TL;DR
Draper City Council approved an 8.8-acre surf park as part of the Veranda West development on June 9.
The surf lagoon will use 6 to 9 million gallons of water a year, far less than the apartments or offices the land was already zoned for.
The site is planned as a national training center for U.S. Olympic surf teams, with construction set to start this fall and a 2028 opening.
What we know
Veranda West sits north of Bangerter Highway near 600 West in Draper. The project already includes more than 100 built townhomes, and the new plan adds nearly 300 apartments, a retail and dining village, and the surf park, according to KSL.
The pool uses a closed-loop system. It gets filled once, then only adds water to cover evaporation and splash-out going forward, KUTV reports.

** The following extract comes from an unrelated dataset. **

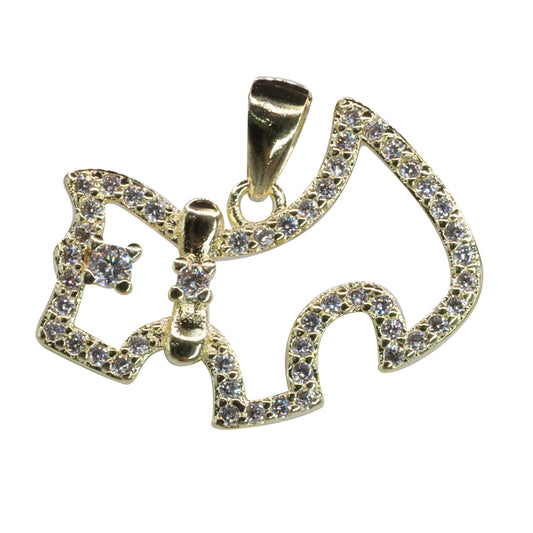 Colgante Enchapado en Oro Figura Perro Circones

Draper City Council member Tasha Doyle Lowery wrote on Facebook that the change actually lowers density on the site, from 29 units per acre to 26. The land was already entitled for high-density apartments before this amendment.
The facility will be open to the public and to high school surf teams, not just Olympic athletes. There's a public viewing deck with food and drinks for non-surfers.

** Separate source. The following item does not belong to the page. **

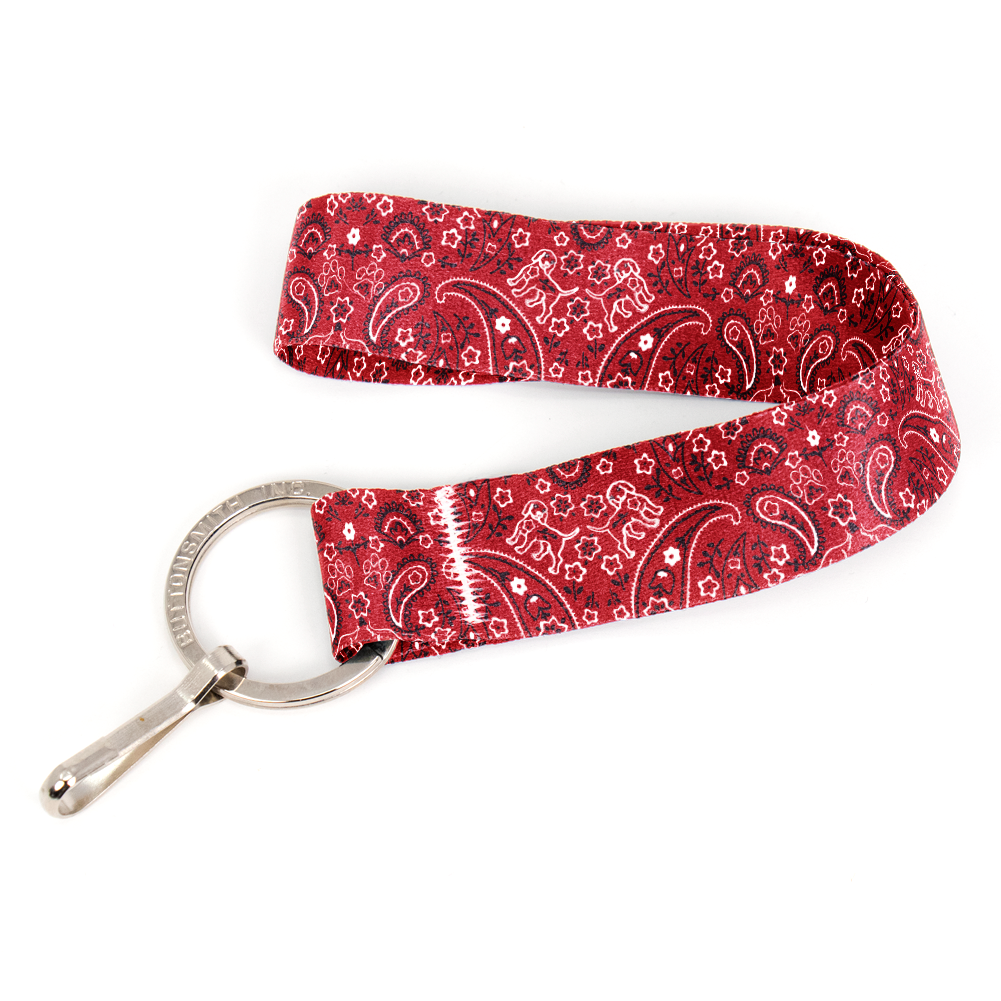 Pupaisley Wristlet Lanyard - Short Length with Flat Key Ring and Clip - Made in the USA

Construction starts this fall. The Wasatch Group is targeting a 2028 opening, per KSL.
What they're saying
Draper Mayor Troy Walker, on the water use, told KUTV: "It's like 6 million to 9 million gallons a year versus 30 million in an apartment building or 100 million in an office building."

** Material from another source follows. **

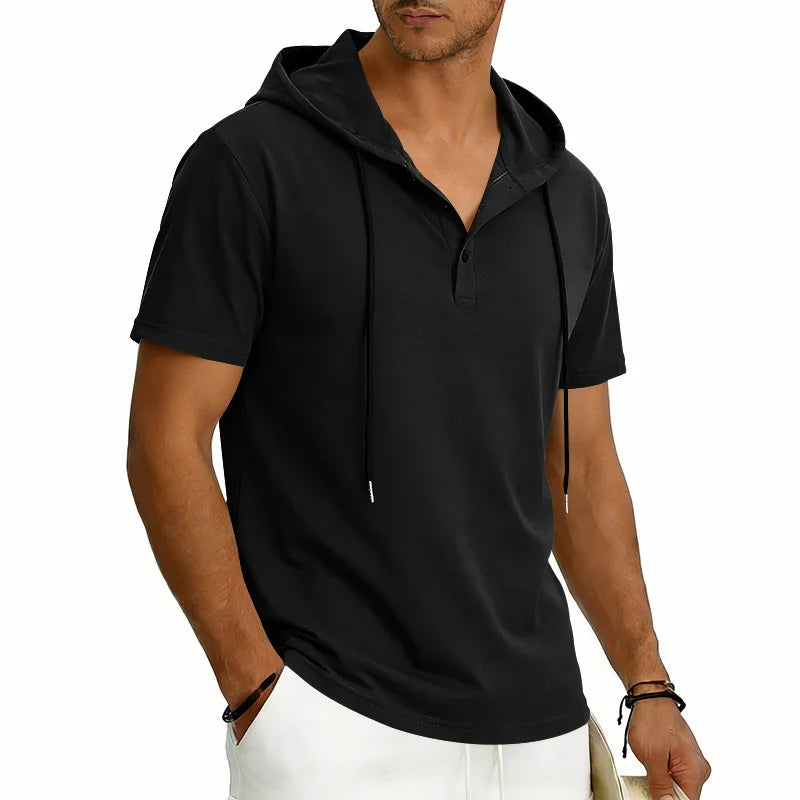 Summer Men's Short Sleeve Hooded T-Shirt Henry Neckline Drawstring Design Casual Loose Breathable Sporty Vest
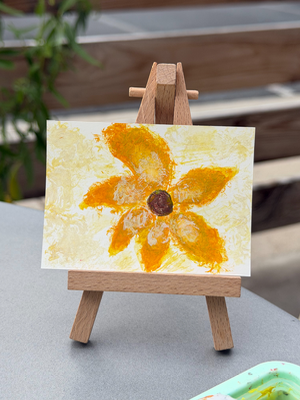 Dreamy trees and sunflower aceo art card thumbnail 2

Resident Jim Hunsaker, pushing back, told KUTV: "People need water to drink, just to live, sanitation. Those are priorities for me versus a water park."
Council member Tasha Doyle Lowery, in a Facebook post explaining her vote: The original high-density plan for the site would have used "over 4X the water PER YEAR than this smaller surf park will require for a single filling."
What's next
The surf park still needs to clear standard building permits before construction starts this fall. The Wasatch Group says the facility will double as a U.S. Olympic training site for men's and women's surf teams once it opens in 2028, according to KSL.